Instructions for the task> Reply only with how many lines below contain "Drive".

(Data to examine begins)

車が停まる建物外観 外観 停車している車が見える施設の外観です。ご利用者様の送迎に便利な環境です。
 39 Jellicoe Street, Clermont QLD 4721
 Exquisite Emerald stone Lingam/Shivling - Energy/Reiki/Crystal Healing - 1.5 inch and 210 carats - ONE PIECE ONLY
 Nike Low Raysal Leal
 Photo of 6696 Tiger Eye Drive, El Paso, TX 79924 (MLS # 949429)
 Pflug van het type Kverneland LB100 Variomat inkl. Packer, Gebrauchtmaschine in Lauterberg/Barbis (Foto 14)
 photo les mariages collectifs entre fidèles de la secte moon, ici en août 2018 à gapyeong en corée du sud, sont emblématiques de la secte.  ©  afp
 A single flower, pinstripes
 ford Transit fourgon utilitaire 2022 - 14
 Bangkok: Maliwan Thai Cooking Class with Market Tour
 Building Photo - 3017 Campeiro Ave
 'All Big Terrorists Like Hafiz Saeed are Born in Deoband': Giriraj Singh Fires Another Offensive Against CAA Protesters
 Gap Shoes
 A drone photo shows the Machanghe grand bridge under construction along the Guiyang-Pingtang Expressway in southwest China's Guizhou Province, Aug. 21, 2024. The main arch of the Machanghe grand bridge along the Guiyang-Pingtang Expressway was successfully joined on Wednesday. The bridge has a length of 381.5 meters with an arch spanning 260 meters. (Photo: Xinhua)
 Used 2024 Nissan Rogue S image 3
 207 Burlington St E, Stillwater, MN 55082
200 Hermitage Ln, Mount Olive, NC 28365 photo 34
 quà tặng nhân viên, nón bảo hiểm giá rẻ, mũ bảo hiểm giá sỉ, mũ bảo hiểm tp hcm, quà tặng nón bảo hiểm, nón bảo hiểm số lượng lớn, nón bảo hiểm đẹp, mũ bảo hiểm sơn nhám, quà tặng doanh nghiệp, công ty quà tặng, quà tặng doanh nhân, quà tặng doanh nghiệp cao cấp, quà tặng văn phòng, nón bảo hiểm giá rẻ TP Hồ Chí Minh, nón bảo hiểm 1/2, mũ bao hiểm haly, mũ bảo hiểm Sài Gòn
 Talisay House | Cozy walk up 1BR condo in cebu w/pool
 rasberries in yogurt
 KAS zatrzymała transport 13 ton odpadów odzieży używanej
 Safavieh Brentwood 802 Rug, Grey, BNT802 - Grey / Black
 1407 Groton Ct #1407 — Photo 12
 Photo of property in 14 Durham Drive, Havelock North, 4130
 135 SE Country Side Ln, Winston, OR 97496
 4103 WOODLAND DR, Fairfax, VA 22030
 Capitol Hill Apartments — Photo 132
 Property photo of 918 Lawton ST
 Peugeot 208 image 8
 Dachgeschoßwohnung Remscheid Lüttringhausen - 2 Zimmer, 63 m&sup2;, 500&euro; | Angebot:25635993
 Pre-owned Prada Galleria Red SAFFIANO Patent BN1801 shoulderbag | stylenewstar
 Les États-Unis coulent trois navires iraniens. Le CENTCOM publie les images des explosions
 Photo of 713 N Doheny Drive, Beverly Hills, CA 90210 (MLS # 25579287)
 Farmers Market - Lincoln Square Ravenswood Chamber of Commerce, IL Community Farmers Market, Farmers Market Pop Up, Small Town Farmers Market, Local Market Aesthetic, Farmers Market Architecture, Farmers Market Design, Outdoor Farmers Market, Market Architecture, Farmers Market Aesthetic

(Data to examine ends)

Task solution> 3